== Exercise requirements ==
Copying rule for the data below: pictures stay out, and only the lines from the one with "Volhoply 12oz Insulated" down to the one with "V34紫色美白牙膏30ml个人护理清洁牙膏不含氟牙科牙膏去除牙菌斑去除污渍减少发黄护理牙齿送女士礼物 - 白色", inclusive, are repeated exactly.

[Excerpts from a dataset]
- - - - - - -

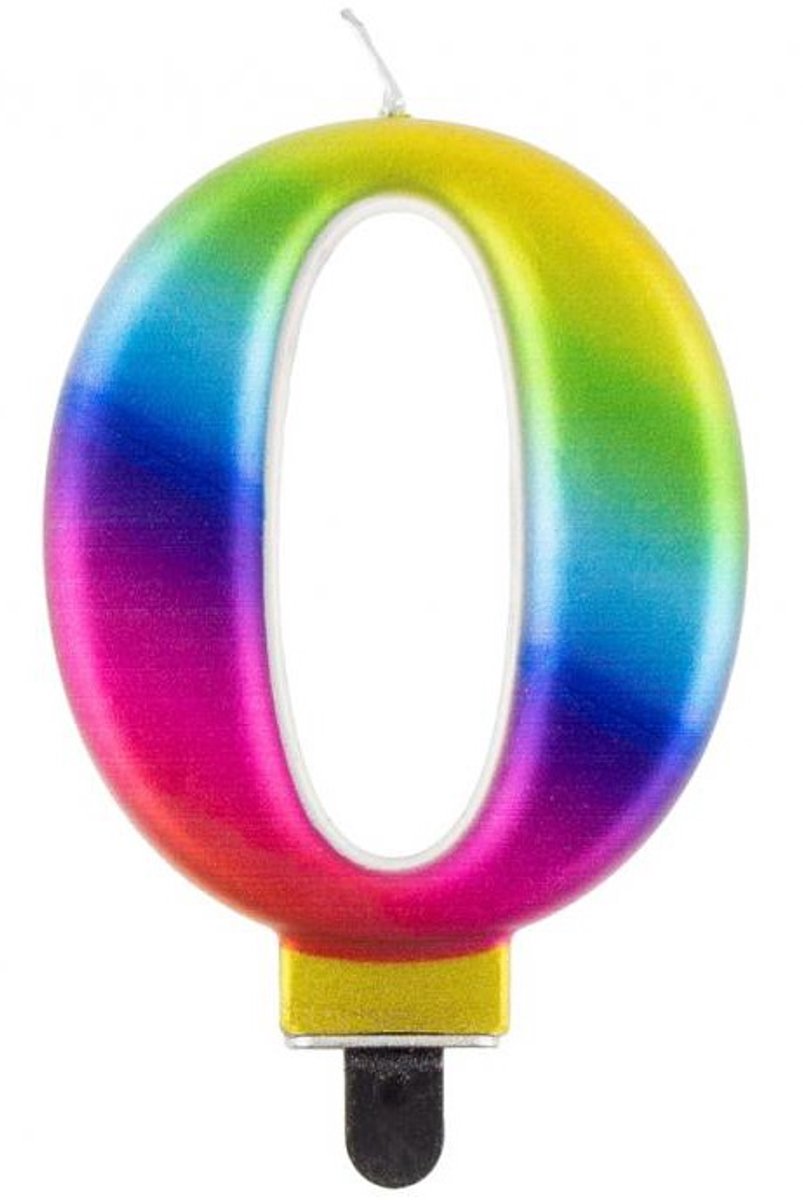 Regenboog Kaars Cijfer 0 voor Verjaardagstaart - 10,5 cm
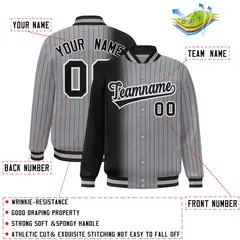 Gray Black Gradient Pinstripe Full-Snap Letterman Jacket 2
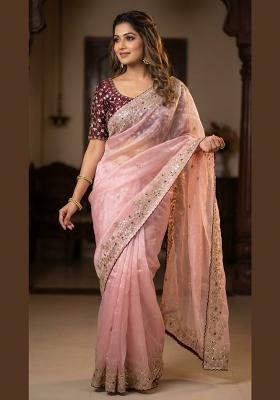Peach Sequin Work Satin Saree Set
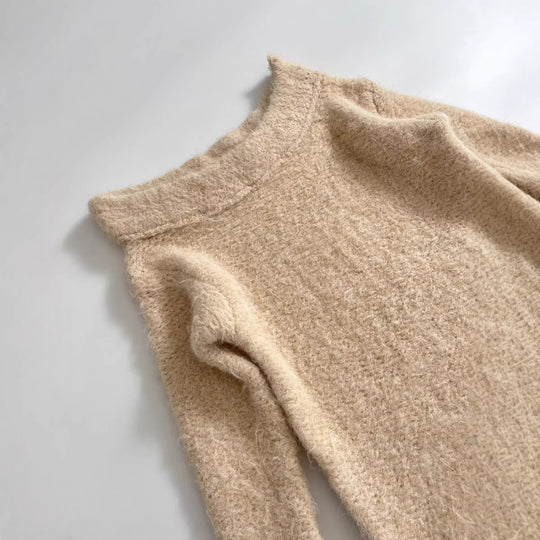 Damen Flauschiger Strickpullover mit Carmenausschnitt und Spitzenbesatz Shop Nory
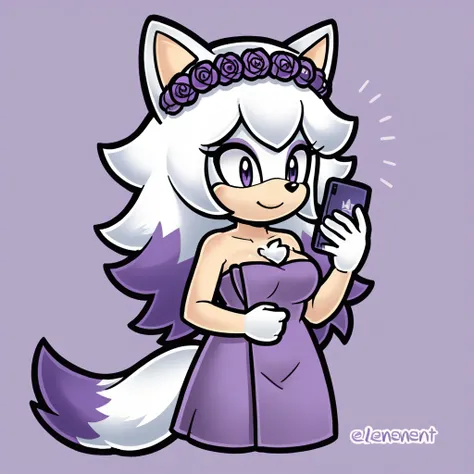 (score_9, score_8_up, 2d), sonic (series), anthro wolf girl, female, athletic body, white hair, fluffy hair, white body fur, chest fluff, long tail, fluffy tail, white muzzle, bangs, purple eyes, purple eyeshadow, oval eyes, medium breasts, wrapped in towe...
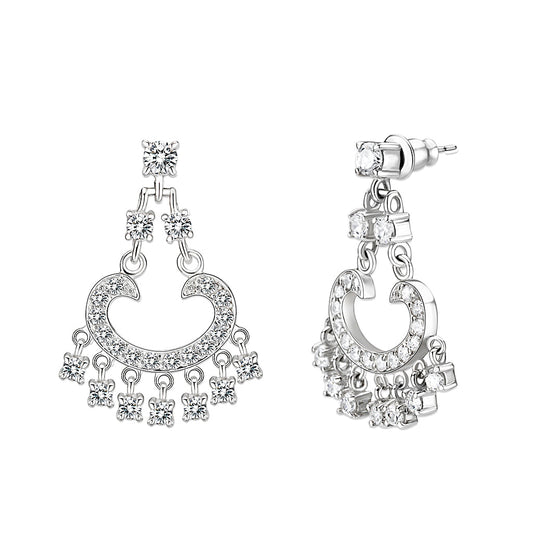 LO5S128 - Sterling Silver Earrings With CZ Clear In High Polished( No Plated)-1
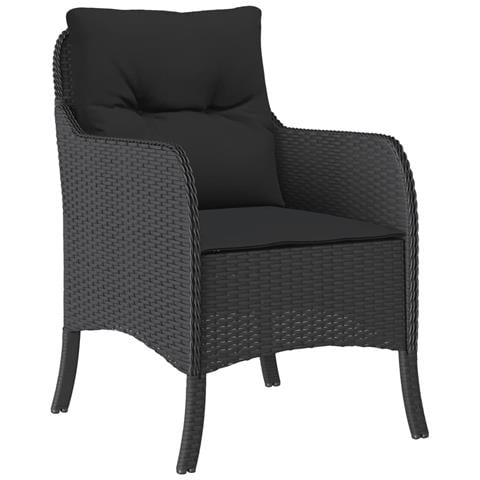 Set Da Pranzo Da Giardino 7 Pz Nero Con Cuscini In Polyrattan - Foto 3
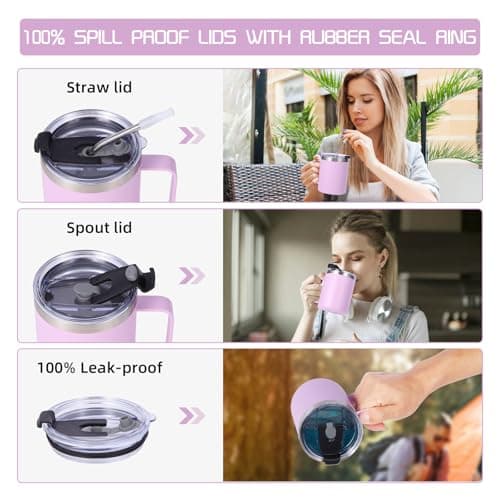 Volhoply 12oz Insulated Leakproof Coffee Mug with Sliding & Straw Lid,Double Wall Vacuum Stainless Steel Travel Cafe Tumbler Cup with Handle,Reusable Camping Mugs Keep Cold/Hot(Purple,1 Set) — view 4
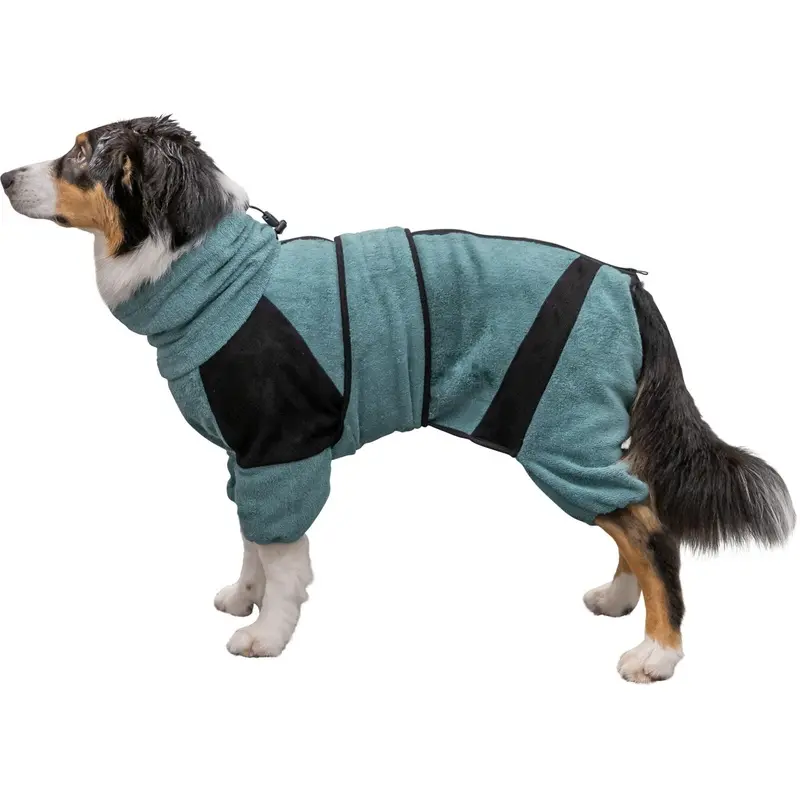 Trixie Bathrobe and home overall for dogs, terry cloth, ML: 54 cm, petrol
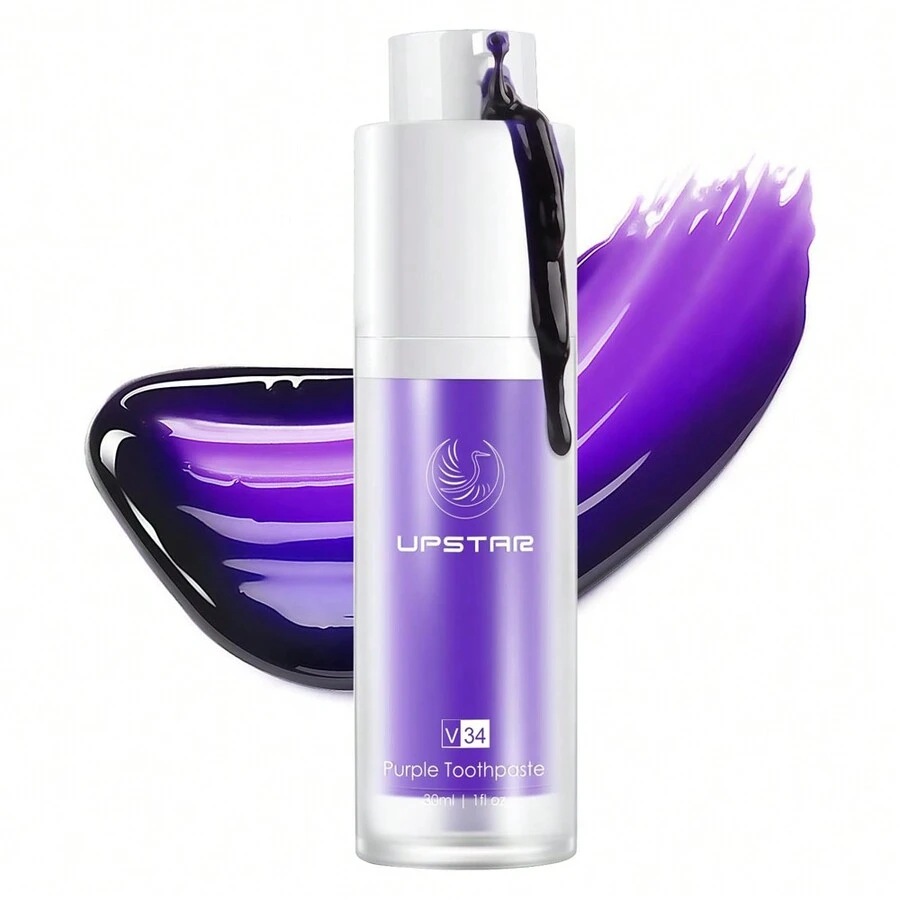 V34紫色美白牙膏30ml个人护理清洁牙膏不含氟牙科牙膏去除牙菌斑去除污渍减少发黄护理牙齿送女士礼物 - 白色 - 查看 1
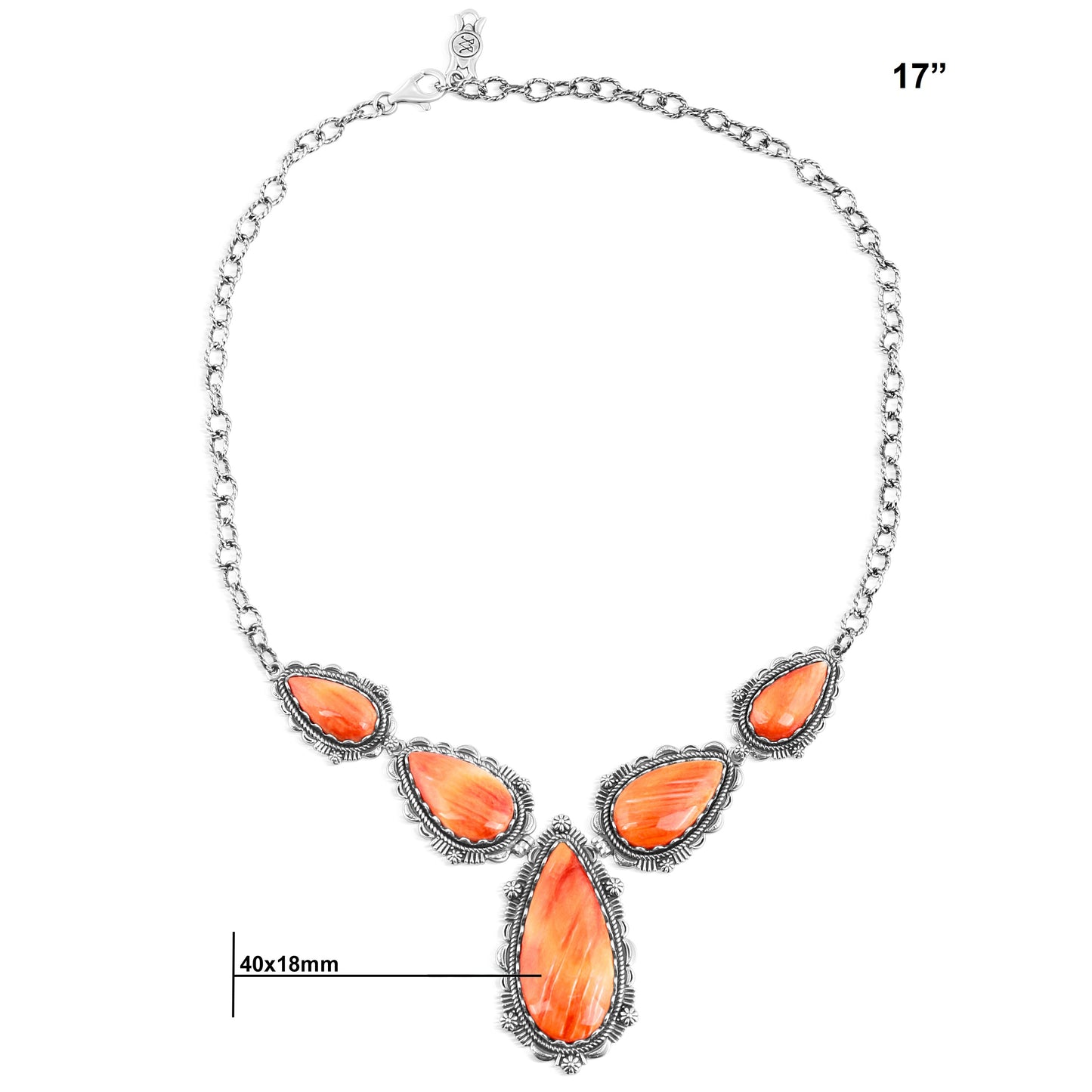 Sterling Silver Orange Spiny Oyster Pear-Shaped Gemstone Statement Necklace, 17 Inches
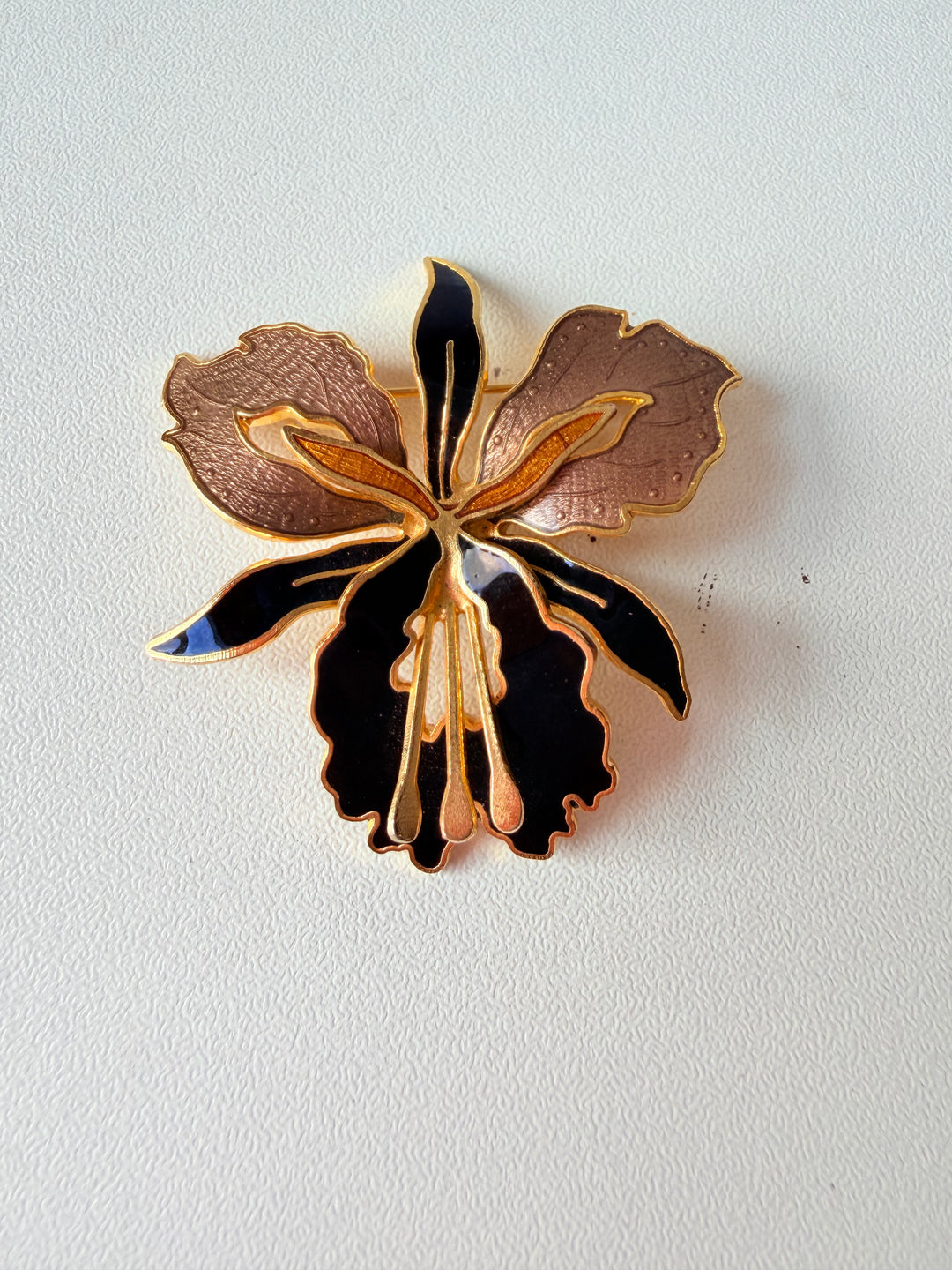 Vintage Gold & Black Enamel Orchid Brooch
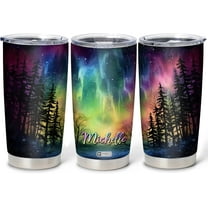 Personalized Gifts For Northern Lights Lover - Aurora Rainbow Skyline Prints Customized Name Stainless Steel Tumbler 20 oz With Lid - Idea Gifts For Women, Girl, Kids On Birthday, Christmas
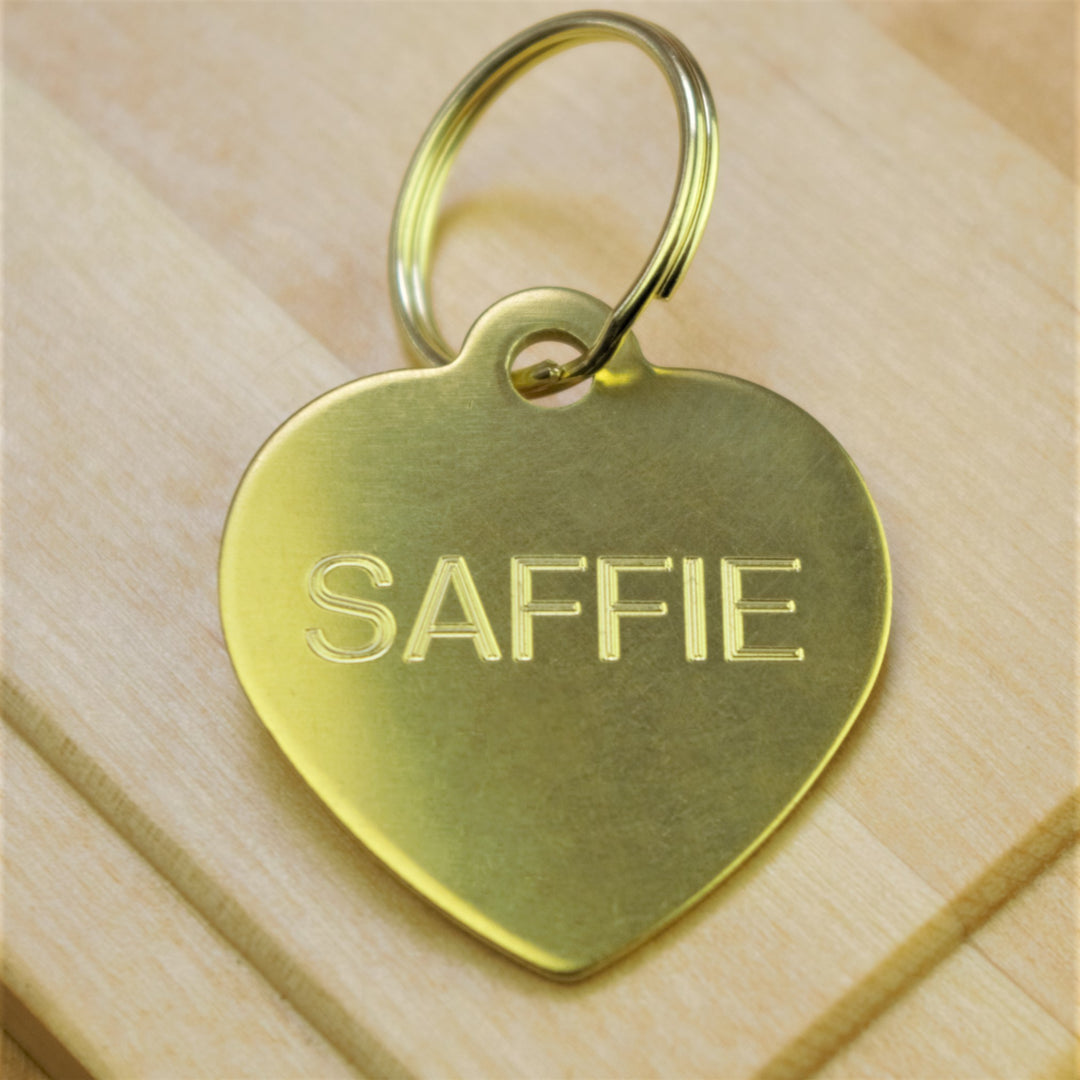 Brass Heart Pet Id Tag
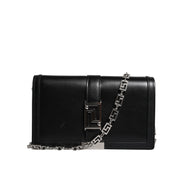 Versace Black Leather Chain Crossbody Bag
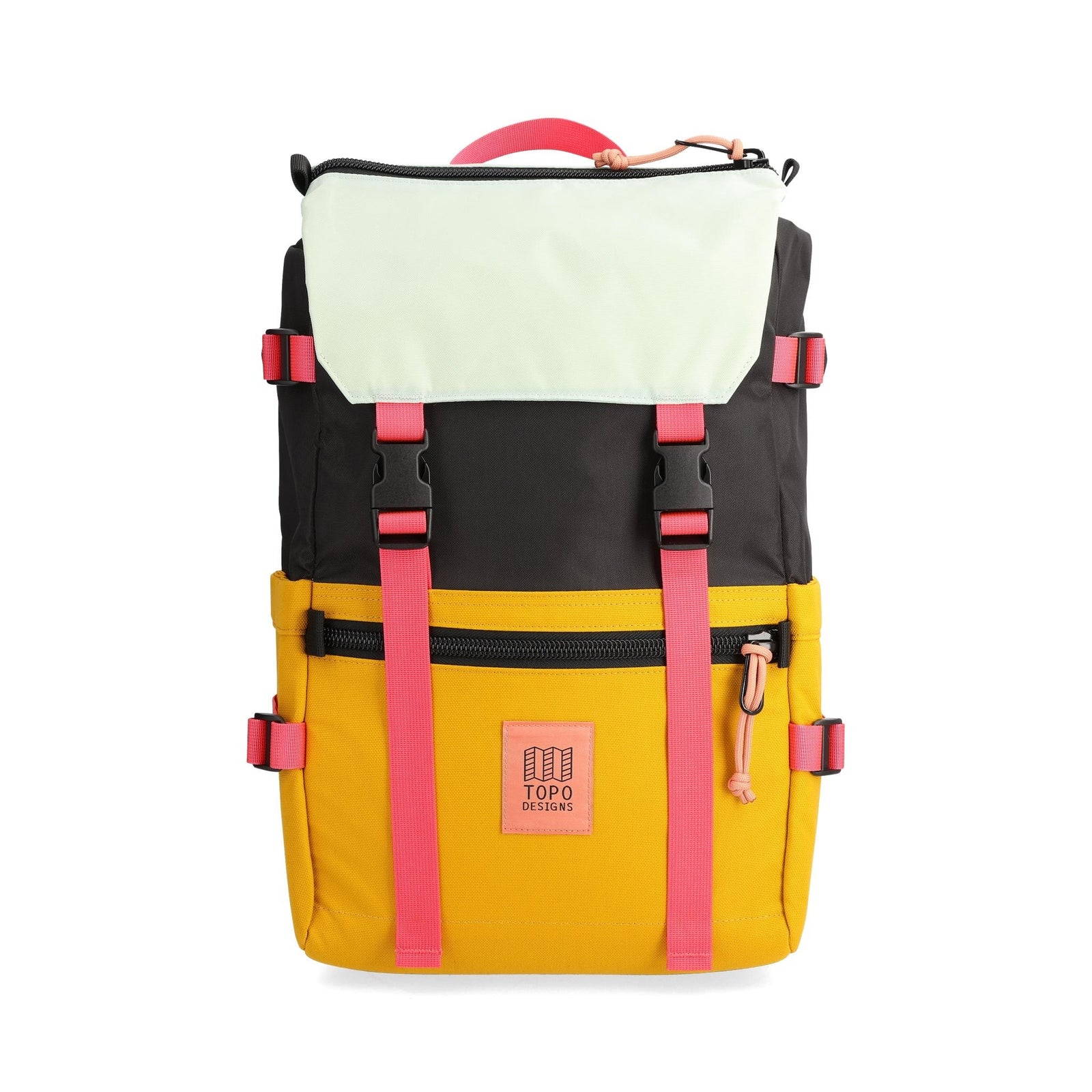 Front View of Topo Designs Rover Pack Classic in "Black / Mustard"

- - - - - - -

== Answer ==
 Volhoply 12oz Insulated Leakproof Coffee Mug with Sliding & Straw Lid,Double Wall Vacuum Stainless Steel Travel Cafe Tumbler Cup with Handle,Reusable Camping Mugs Keep Cold/Hot(Purple,1 Set) — view 4
 Trixie Bathrobe and home overall for dogs, terry cloth, ML: 54 cm, petrol
 V34紫色美白牙膏30ml个人护理清洁牙膏不含氟牙科牙膏去除牙菌斑去除污渍减少发黄护理牙齿送女士礼物 - 白色 - 查看 1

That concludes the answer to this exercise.